The terminology of the nitrate pampas is a proof of its old recognition. The chuca is the loose, often friable, decomposed top layer, from two to twelve inches thick. Below it comes the costra, a hard, rocky agglomeration of cemented clay, porphyry and feldspar amalgamated with sulphates of calcium, potash and soda, often also containing traces of nitrate of soda and common salt. Third comes the tapa, the immediate shield of the nitrate of soda beds, composed of fragments of nitrate, of salt, sand and clay.
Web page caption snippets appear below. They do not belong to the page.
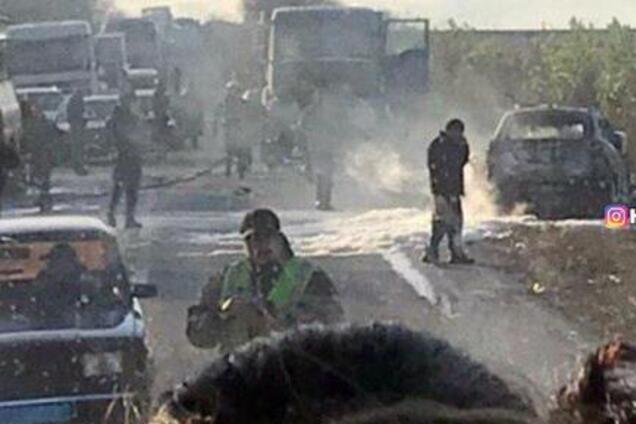 На Полтавщині вантажівка протаранила авто патрульних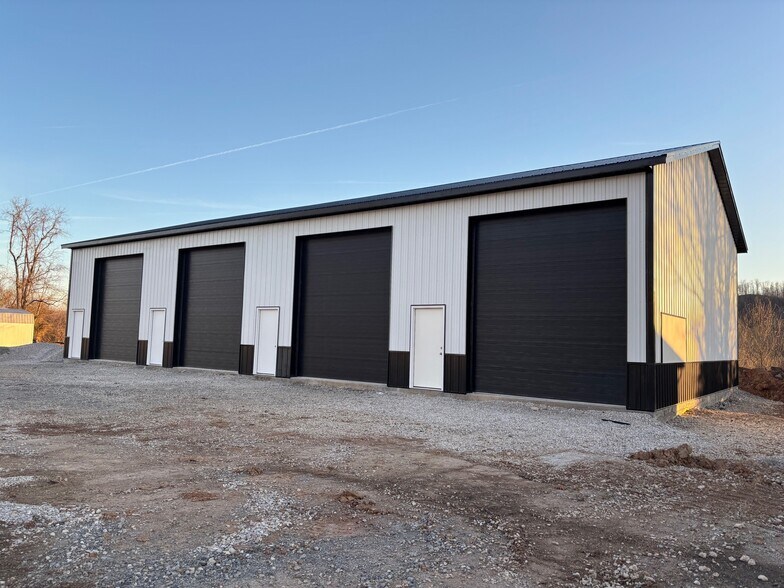 Primary Photo Of 909 Roosevelt blvd, Eleanor Light Distribution For Lease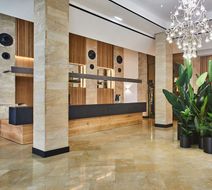 Silken Reino de Aragon Lobby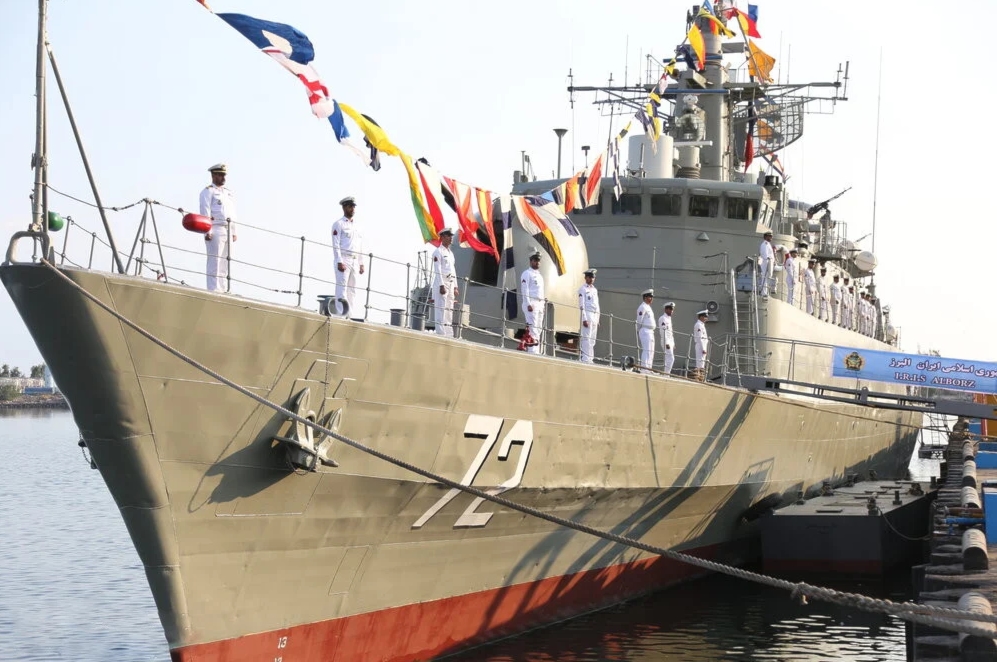 المُدمّرة “البرز” التابعة للجيش الإيراني تدخل البحر الأحمر عبر مضيق باب المندب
These three layers form mattresses from a few inches to three or even six feet in depth, and owing to the hardness of the costra must be blasted away from the precious fourth layer, the caliche proper.
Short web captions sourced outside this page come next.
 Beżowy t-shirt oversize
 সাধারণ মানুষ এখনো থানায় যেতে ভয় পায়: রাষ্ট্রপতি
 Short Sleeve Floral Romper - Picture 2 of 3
The caliche bed varies remarkably in thickness and in position, sometimes offering a thin, sand-mixed, layer of little value, and at other times revealing itself as a beautiful shining snow-white bed several feet in thickness; its hue varies from pure white to grey, sandy, and even violet, and its consistency may be sometimes loose and porous, while in other regions it is as hard as marble. The best caliche contains as much as 70 per cent of nitrate, and by the present methods of extraction it is not considered worth while to operate deposits containing less than 14 to 15 per cent. The average in Tarapacá and Antofagasta runs to about 20 per cent. Below the caliche is the conjelo, another fairly loose layer of sand and clay, salts, selenite crystals and traces of nitrate; still farther down is another plainly differentiated stratum, called the coba, with a comparatively high percentage of water, a heavy proportion of clay, calcium sulphate, and other minor components. The nitrate is often carried through several of the protecting layers, and foreign matter is frequently found mixed with the caliche, yet the different strata almost invariably exist in readily distinguishable and undisturbed beds.
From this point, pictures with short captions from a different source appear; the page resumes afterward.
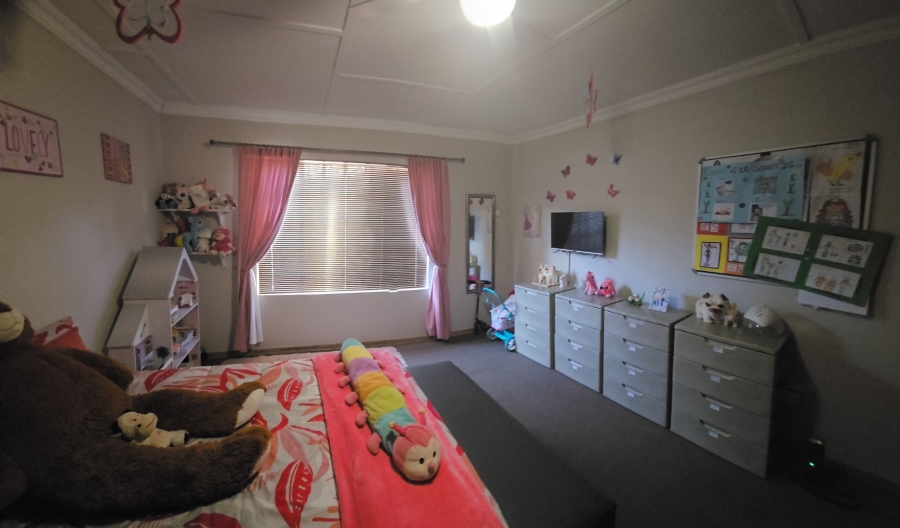 5 Bedroom Property for Sale in Langenhovenpark Free State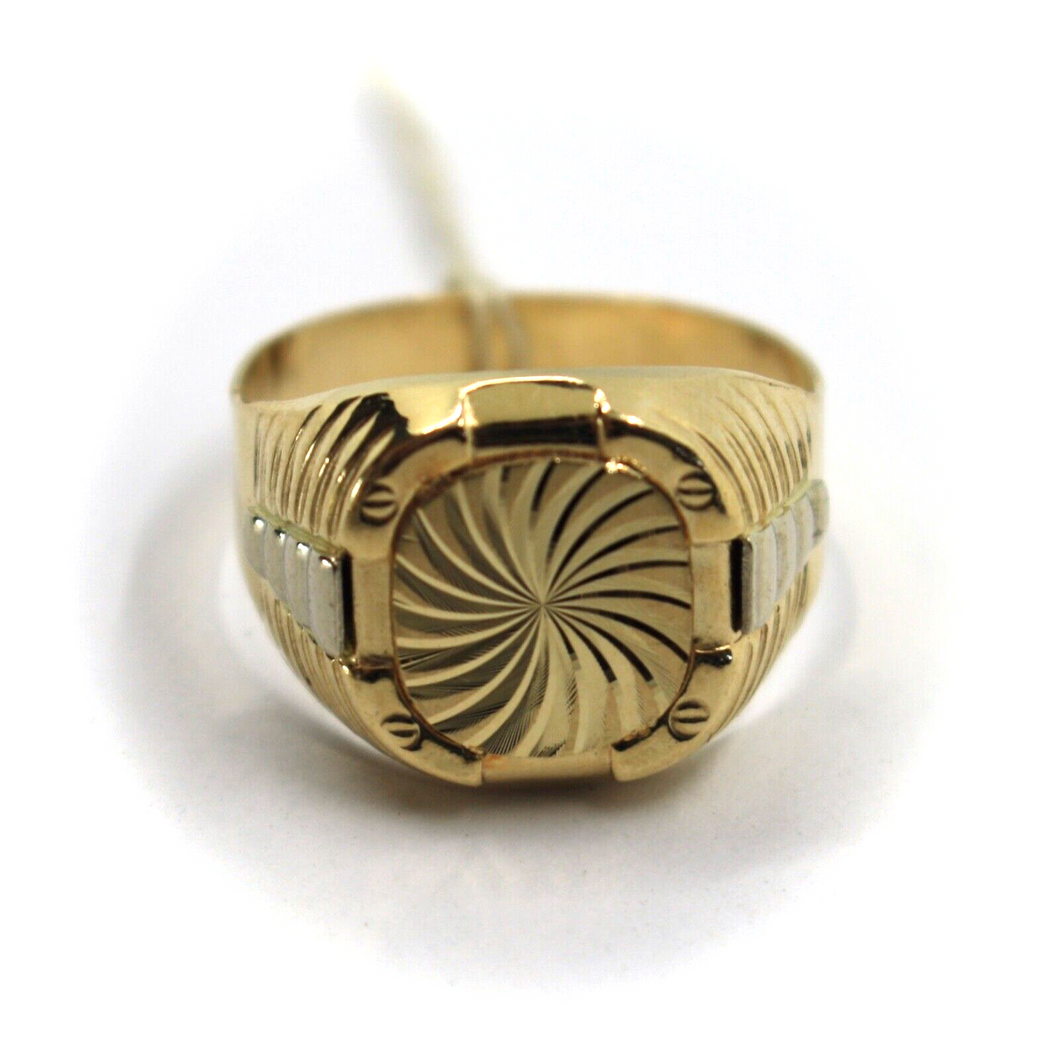 18K YELLOW WHITE GOLD MAN BAND RING TWO TONE, 17mm WORKED SQUARE WITH RAYS.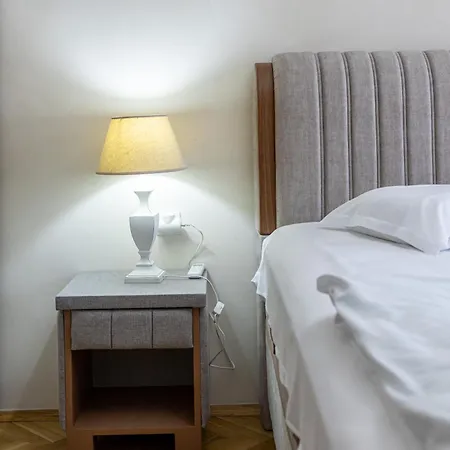 Spacious 2br With Garage In Chataldzha Апартаменти Варна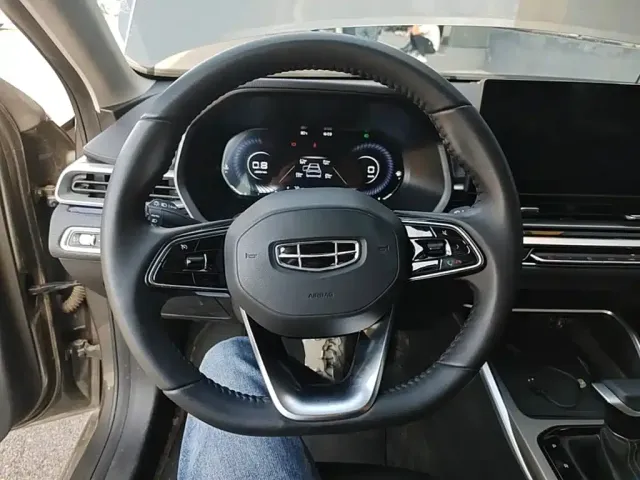Geely Emgrand — Фото автомобиля 10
The process of preparation for the market is simple. The caliche, thoroughly crushed by heavy machinery, is tipped into immense tanks and covered with water: coils of pipes fixed in these vats heat the mass to a high temperature and the nitrate of sodium, readily soluble in boiling water, dissolves. The other ingredients of the caliche fortunately are not so easily dissolved, and settle to the bottom of the tanks, so that when the water is drawn off and cooled the nitrate crystallises in a high grade of purity. There is a moment to be watched for in drawing off the liquor, however; common salt (sodium chloride) is frequently present in the caliche in unwanted quantities, dissolving with the same readiness as the nitrate. But it begins to precipitate before the nitrate, and the right time for withdrawing the liquor is when the salt has settled and the nitrate is immediately following it. The nitrate-charged water crystallises on the floor and sides of the shallow bateas (vats, generally of wood) into which it is passed, the process of cooling and crystallisation taking from 20 to 40 hours. The liquor is then pumped away, part being used for the manufacture of iodine according to the amount permitted to the oficina by the central Association, while the nitrate crystals are gathered in large pans for a few days for draining, and afterwards spread upon the cemented open planes, the canchas, for two weeks until thoroughly dry; it is then ready for bagging. It is during the drying stage on the cancha that nitrate in large quantities, all over the pampas, would be spoiled by dissolution if heavy rain should fall—a phenomenon of such rare and unlikely occurrence that it is not taken into consideration. The belt is not absolutely rainless, Iquique claiming a rainfall of half an inch per annum, while the Antofagasta Pampa has received showers four times in the last fifteen years; heavy fogs, too, not infrequently invade the pampas. But it would take a series of terrific deluges for moisture to filter through the protecting crusts above the caliche, and this sometimes suggested danger is not in sight.